In March/April 2017, his first full length play, Geoffrey, went onto the stage in Tamworth. A very powerful production by Tamworth Dramatic Society, it disturbed audiences with its portrayal of a man in crisis as his world implodes. By using stripped-back sets and clever lighting, a single defined area of the stage had the audience almost forcibly drawn onto the stage with the actors to endure Geoffrey's ordeal, including auditory hallucinations. Yet, it was a treatise on love not mental health.

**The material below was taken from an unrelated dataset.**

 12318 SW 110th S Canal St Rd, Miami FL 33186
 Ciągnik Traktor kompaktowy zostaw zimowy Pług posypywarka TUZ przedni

Peter also contributed an essay to “Journeys With The Black Dog” (Allen & Unwin 2007) and has written feature articles for the Northern Daily Leader, The Armidale Express, The Weekly (Mudgee), the Daily Examiner (Grafton) and frequently appears in the letters section of the Sydney Morning Herald.
In the period 2013-17, he worked as a volunteer for the Black Dog Institute, combining his life experience and his teaching expertise in delivering community presentations on mood disorders and teenage depression and speaking with groups of medical practitioners about a client's perspective of their services. In January of 2014 and again in October, he was a guest on ABC radio's Conversations with Richard Fidler.
He no longer plays cricket but still hits a ball on a string and sends his hat size and phone number to Cricket Australia every September, just in case. Such optimism is evident in his poetry.